膝に手をつき、貪るように空気を吸った。喉も、肺も、気管支も、呼吸をする度にまるで握り潰されているかのように痛んだ。当たり前だ、あんな凍えるような中を走ってきたのだから。肩で息をしつつ、ガクガクと痙攣する脚をなんとか奮い立たせて店頭まで歩いて行った。
よろよろと歩いてきたロシアに気づいた店主は、店をしまいかけていた手を止め、声をかけた。
「坊や?今日は一人かい。旦那は?」
旦那とは、無論、ソ連のことを指すのだが。
ロシアはせわしく呼吸しながら、思わず店主を睨みつけていた。ウシャンカを目深に被っていたので、おそらく店主には彼の表情は見えていない。
(お前なんかに何が分かる……こちらの気も知らないで、呑気に聞いてきやがって……‼︎ )
何も、知らないくせに。
「……、……今は…いません」
「そうかい」
震える低音でそう答えてしまったが、所詮はガキの声だ、ドスが効いていると言ったってたかが知れている。店主は気に留める様子もなく、いつもソ連が買っていたのと同じ品物をロシアに寄越した。そこでロシアが代金を渡そうとすると、
「あぁ、お代はいつもの半分でいいよ」
そう言われ、半分は返されてしまった。
ロシアは戸惑った顔をあげて店主を見た。
「え……でも」
「なに、一人で来たんだからそのご褒美さ。半分は何か好きなものでも買いな」
言いながら、店主は秘密だぞとでも言いたげに軽く片目をつぶった。苛立ちにより昂っていた感情はすぐに引っ込んでしまった。ロシアは小さく頭を下げた。
「ありがとう……」
そのまま残った金をポケットに無造作に突っ込むと、ロシアはくるりと背を向け、歩き出した。こんなに寒いのだから腐る心配もなさそうだし、行きのように走る必要はないだろう(夏はこうもいかないのだが)。大きな瓶を大事そうに抱えて歩く。大通りに出た時だった。
その日初めて太陽が顔を出し、道を照らしだした。暗かった道がスポットライトを当てられたかのように瞬く間に明るくなる。真っ白な積雪が光を反射して強く輝きだした。あまりのまばゆさに目を細めていた。日光に刺すように顔を照らされ、熱を感じたものの、吐息は真っ白なままだった。
誰もいない、閑静な街を歩く。
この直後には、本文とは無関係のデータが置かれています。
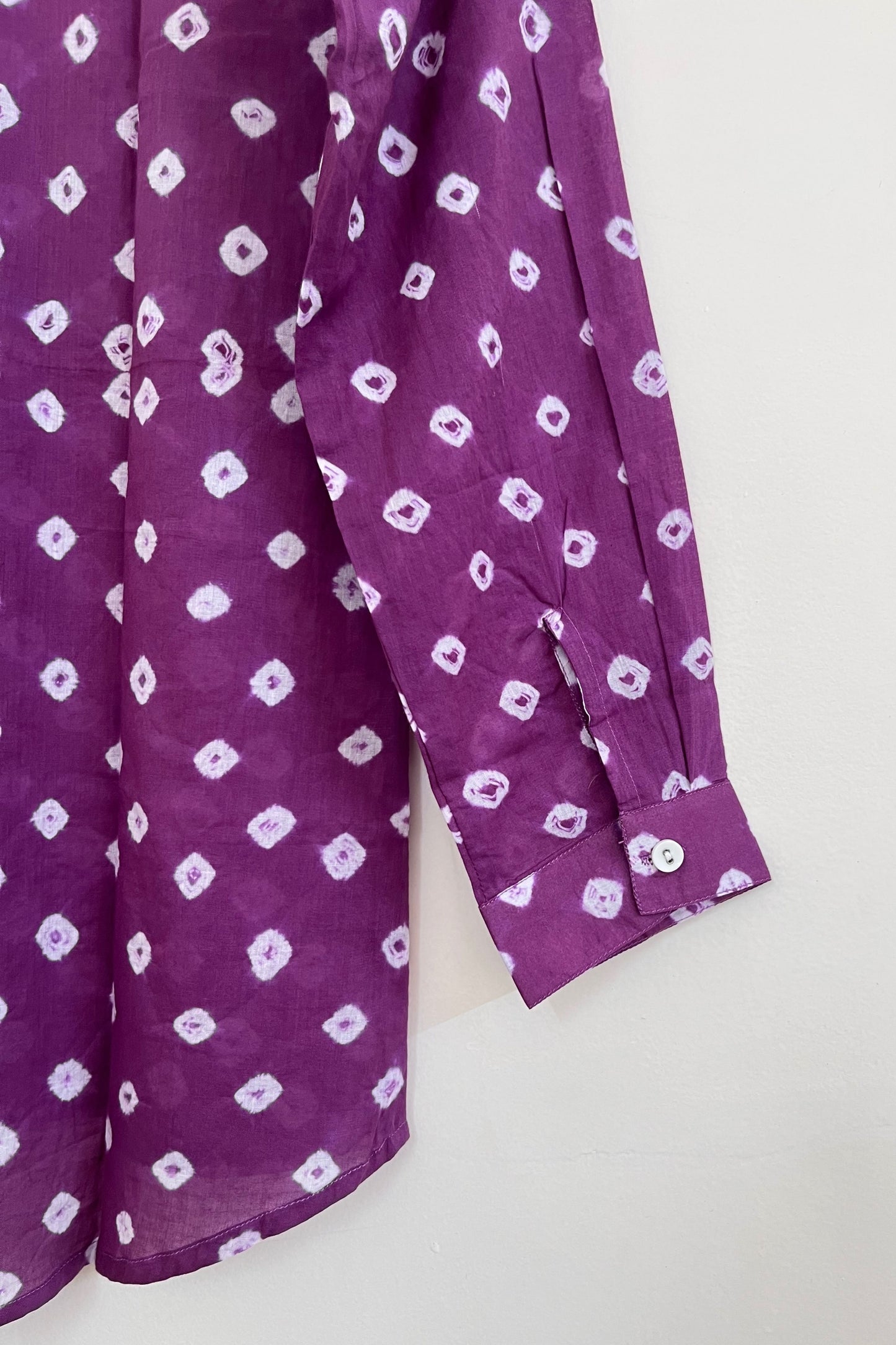 Mulmul Bandhani shirt- Purple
雪を踏み締める音でさえ、周りの積雪に吸収されてしまうがため、あまり音が出ない。
「……あぁ…………」
悲しげな声と共に吐息が漏れ出た。
少し前まで、すぐ隣を歩く足音が聞こえたのに。その音だけは絶対に、雪に吸収されてしまう自分の足音のように弱々しいものではなかった。自分の隣を歩いていたソ連のことは、誰よりも鮮明に思い出せる。ロシアがよく荷物を持ちたいと駄々を捏ねてソ連を困らせ、実際持ってすぐ疲れてしまっては、ソ連が荷物を持ってくれたものだった。今はその時から比べれば身体は大きくなったし、力も強くなっていた。それなのに、その時に比べ、こんなにも心細い。
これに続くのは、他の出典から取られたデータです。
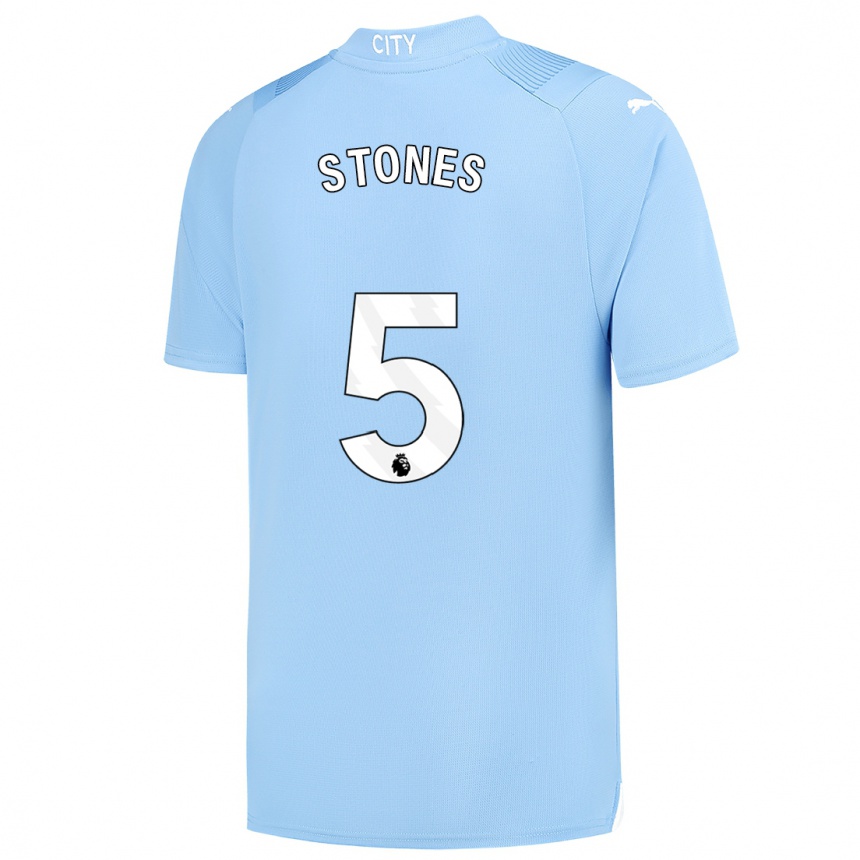 Kinder Fußball John Stones #5 Hellblau Heimtrikot Trikot 2023/24 T-Shirt Luxemburg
そんなことを考えながら、ぼうっとしていた。だから、後ろから近づいてきた“彼”に気づくことが、全くできなかった。
「………ロシア?」
心地よい低音が耳を打った。突然自分の名を呼ばれたロシアはびっくりして振り返った。
「………あ!」
そこには、よく見知った人物が立っていた。